The science of tracking down criminals has come a long way in the last decade.
In the past, at least a drop of blood was needed to process DNA; but now, just a brush of a person's fingertips at a crime scene is enough to pin down a suspect.
Singapore's very own CSI (Crime Scene Investigation) department - the Health Sciences Authority's (HSA) DNA Profiling Laboratory - hopes to take this a step further.
It is now looking into technology that could predict what a person looks like, just by taking a close look at his genetic material.
Currently, it can guess a person's ethnicity with about 90 per cent accuracy - although that is still not good enough for real cases.
"There's a lot of research ongoing... For example, it could allow you to predict a person's bone structure or face shape," said Ms Ng Huey Hian, a forensic scientist at the laboratory. "The technology is still premature, but it would be very useful."
The laboratory works on 2,200 cases a year, combing crime scene exhibits for traces of DNA left behind.
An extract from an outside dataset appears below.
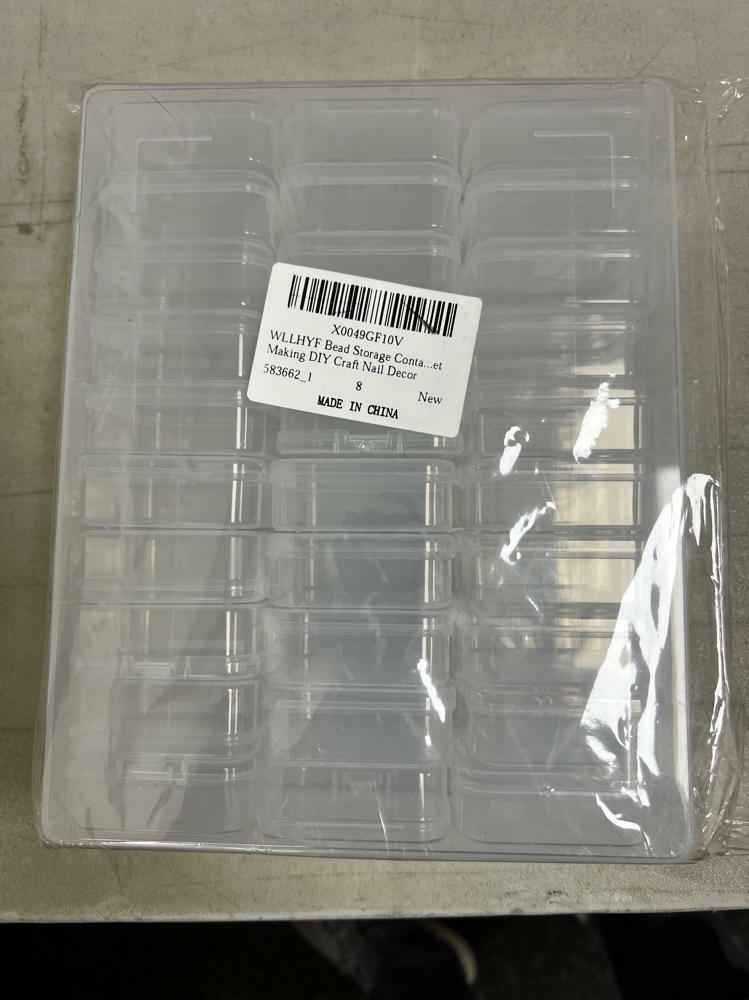 WLLHYF 31pcs Clear Plastic Bead Storage Containers Organizer Box Hinged Lid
These could include bloodstains on clothing, semen left on a mattress or even fingerprints inside a glove.
REAL LIFE VERSUS REEL LIFE
The scientists always seem to be working in the dark on TV - but there's actually a lot of light here.
SENIOR FORENSIC SCIENTIST LIM XIN LI
PLENTY OF POTENTIAL
There's a lot of research ongoing... For example, it could allow you to predict a person's bone structure or face shape. The technology is still premature, but it would be very useful.
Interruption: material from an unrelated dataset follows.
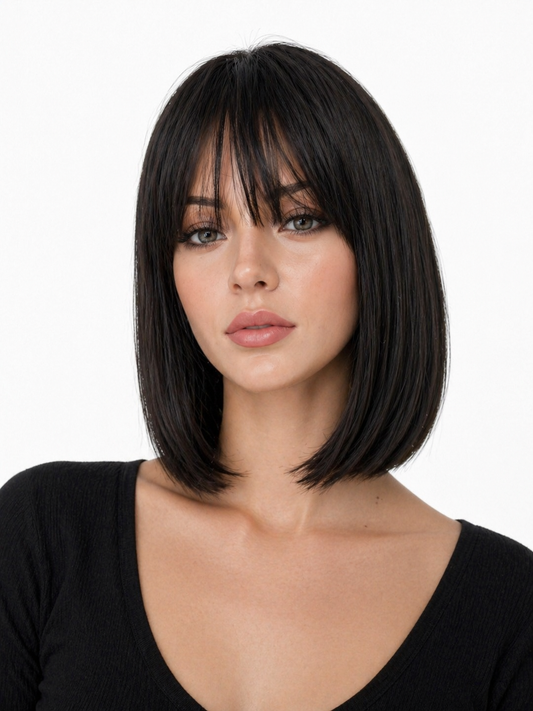 Peluca Teresa – Corte Bob Con Fleco- Premium-Tono Negro Intenso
MS NG HUEY HIAN, a forensic scientist at the Health Sciences Authority's DNA Profiling Laboratory.
Major crimes - such as the 2013 Choa Chu Kang murder in which a man killed his wife's former lover - can involve hundreds of such exhibits being processed over several days, according to forensic scientist Ryan Ping.
Seven in 10 cases involve DNA left behind from a person's touch. At times, it can be the only evidence linking a suspect to a crime.
In August 2016, two men slashed another man and then fled in a taxi. Witnesses could not identify them, and closed-circuit television footage was unclear.
But the criminals had left traces of DNA in the taxi and that was enough to bring them to justice.
"We can build a DNA profile from as little as 40 cells, which is equivalent to what you find in about 10 fingerprints," said Mr Terenze Ong, another forensic scientist.
Cases that the lab handles range from petty crimes to rapes and murders to missing-person incidents.
Modern technology is so sensitive that staff must wear gowns, gloves, masks and caps to avoid accidentally contaminating samples.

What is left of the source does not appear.